Colour keys present you with problem-solving and control opportunities.
Its just more of the old saw: "Fail to plan, plan to fail".

If you create character and location elements seperately, you run the risk of having colour elements conflict on screen when the two are composited together.
Doing keys gives you a chance to change a hue, or even a lighting value within a given scene and enhance the overall mood rather than detract from it. A charatcer should not be treated as a set-coloured object anyway, their hues can change depending upon the night/day/light/dark values in a setting.

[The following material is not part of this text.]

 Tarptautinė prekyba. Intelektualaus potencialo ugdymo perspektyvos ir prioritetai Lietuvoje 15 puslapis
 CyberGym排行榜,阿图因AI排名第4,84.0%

To make the keys work, take your background, and consider the major poses the character will strike within that background. If colour values are very close along the path of action, you could have problems--but you can adjust them once they are spotted. All you are doing is creating still shot set-ups of the major poses of a given bit of screen business with the specific background(s) to see if it works all the way through.

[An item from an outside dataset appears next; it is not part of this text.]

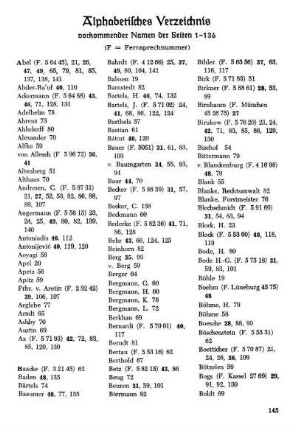 Alphabetisches Verzeichnis vorkommender Namen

Disney and others typically do a lot of their storyboards IN COLOUR to help work through this step at a very early stage.

The process doesn't take long, can be combine with a "layout" stage prior to animation, and gives you that much more control over the look of the final product.

"We all grow older, we do not have to grow up"--Archie Goodwin ( 1937-1998)

Ken is spot on. you dont want to take a chance with this. you could def do this process and get it done. you might not even have to pose them out overall, just have atleast one pose over the backgrounds you are going to be using. you lose some sense of lighting etc but its still more info than going in blind.

is that the same as a colour script?

or mood board?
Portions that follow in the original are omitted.